The failure to take a strong stand on repression by the regime has done nothing to strengthen the West’s hand in dealing with Tehran’s nuclear ambitions, writes Emanuele Ottolenghi
Hard talk: effective engagement with the Ahmadinejad regime must be accompanied by a tightening of the diplomatic screws. Photograph: Presidency of the Islamic Republic of Iran
When the killing machine begins its deadly harvest, the fine line that separates indifference from complicity vanishes before our eyes. As Iran’s deadly repression continues apace, Western democracies cannot continue pretending it is business as usual. Before the June 12 presidential elections, many reasons were adduced for not contemplating further measures to pressure Iran: Russia and China were not on board; sanctions needed time to yield results; US engagement was on the table. And talking tough to Iran – including possibly more sanctions – would have given succour to the radicals inside the regime without yielding substantial results in the short term.

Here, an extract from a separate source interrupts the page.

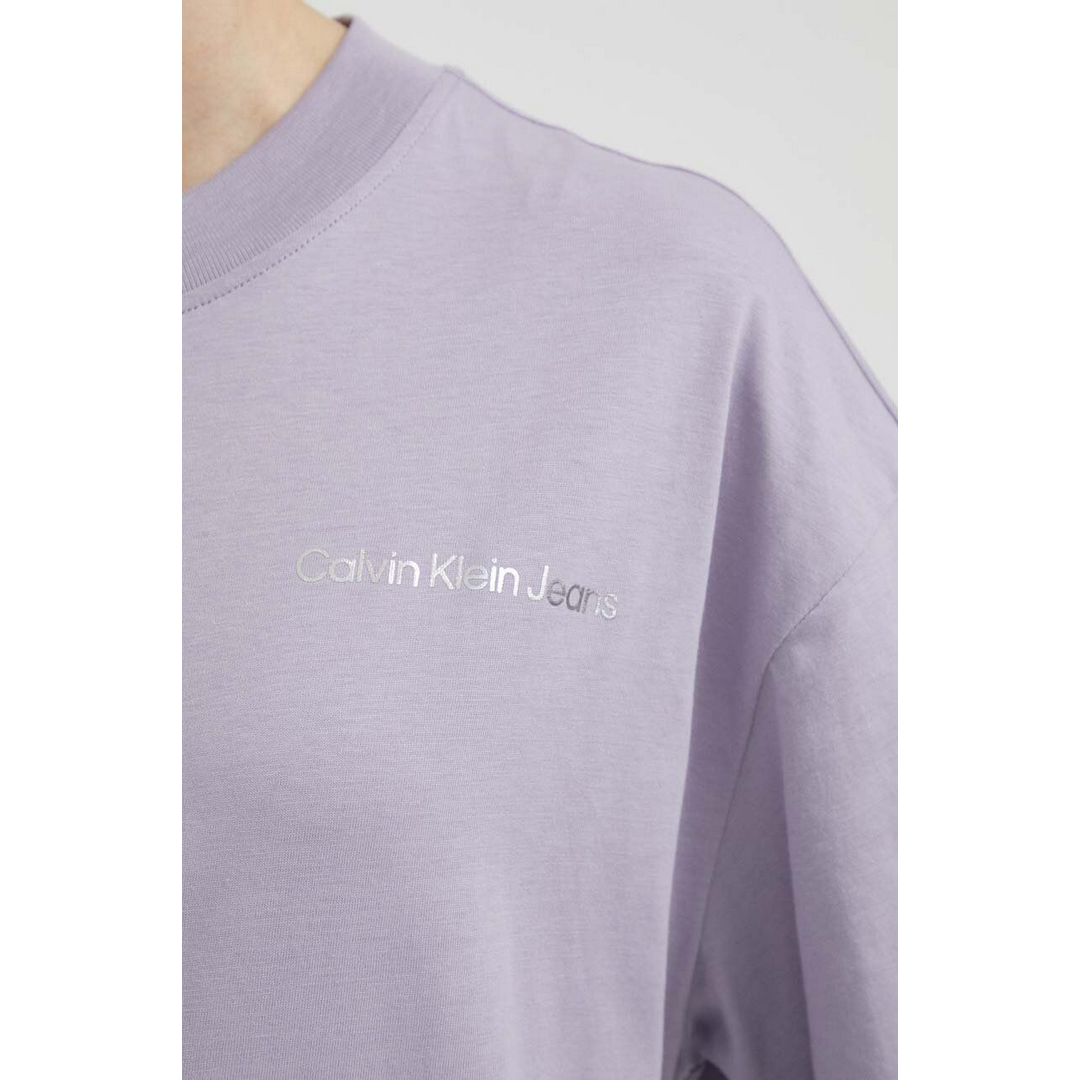 Ack Photoprint Tee Lavender Aura / L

This logic has cost us precious time. Russia and China are still not on board and an imperfect sanctions regime is better than none at all in the race against time. With the most intransigent elements of Iran’s ruling elites now firmly in power, temporising has gained the international community nothing. As for engagement, speaking to a regime that concocts enemies abroad to justify repression at home is unlikely to yield a suitable compromise – a system that relies on repression to survive is rarely prone to concessions unless its very survival is in question. Shaking its leaders’ blood-stained hands as if nothing has happened will not buy the West a deal – it will only buy time for the regime.

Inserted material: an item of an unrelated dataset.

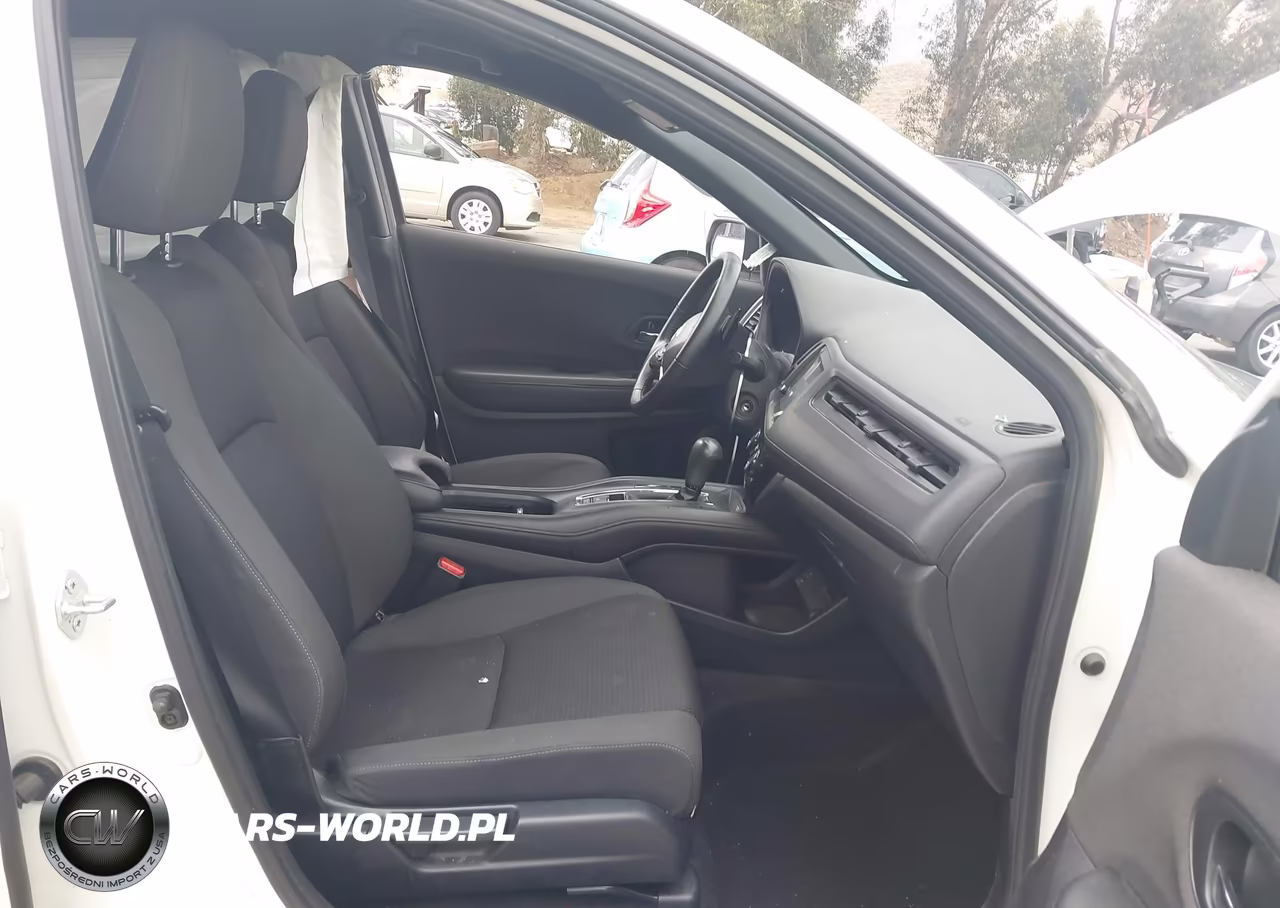 2022 Honda Hr-V Awd Sport VIN:3CZRU6H1XNM756672 - 5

Widespread popular protests and considerable cracks in the leadership in Tehran have also exposed another aspect of Iran’s power politics which Western diplomats would be foolish to ignore: the regime’s legitimacy rests on shaky ground. The extent of its repression and the inability to fully impose order three months after it rigged the elections are a measure of such internal weakness.
Herein then lies the dilemma for the international community – and especially for Western democracies. Relying on the possibility of an Iranian democratic counterrevolution to unblock the nuclear impasse is more a hope than a strategy. The demise of the Islamic Republic could happen tomorrow, in six months, or in six years. The nuclear programme’s timeline is much shorter.

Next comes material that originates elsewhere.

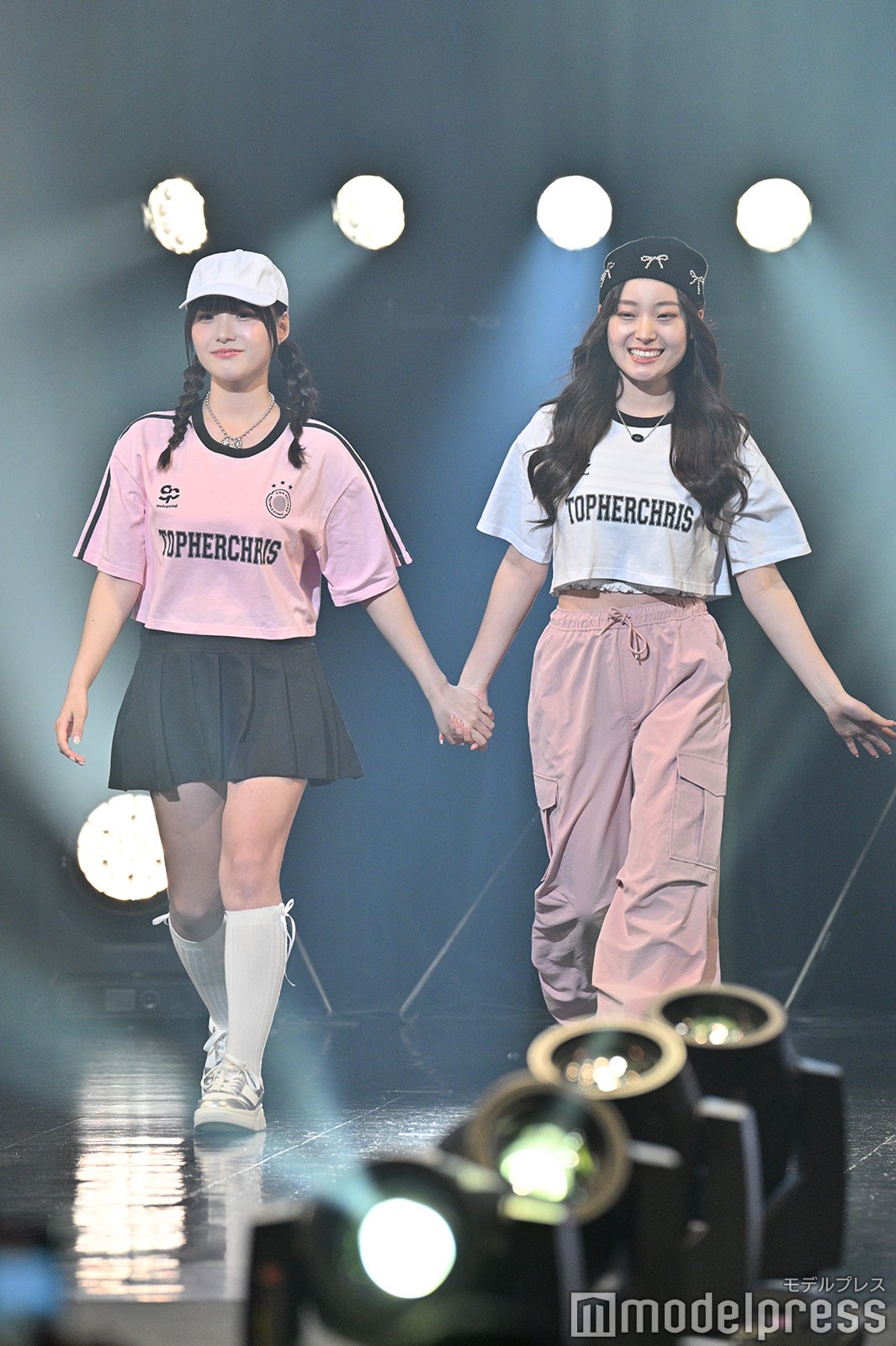 じゅんな・ゆうな（C）モデルプレス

Understandably then, the US administration still hopes to persuade the regime to relent on its nuclear programme. But Europeans need not face the dilemma of engagement over sanctions. After all, Europe has done both for the last six years, proving that the one does not preclude the other. Henceforth, dialogue with Tehran cannot be had at the price of ignoring the regime’s blatant rigging of the results, its brutal repression of peaceful street protests, and the crackdown on reformist figures across the clerical establishment, the political elites and the media.
A Western strategy to confront Iran must therefore rely on a number of tools, which centre on two goals. First, Iran’s nuclear ambitions must be thwarted at all costs, for a regime that behaves so erratically and brutally against its own people cannot be relied upon to act rationally in international relations. Second, Iran’s people must become a central component of our strategy, as an interested audience if not as an active ally.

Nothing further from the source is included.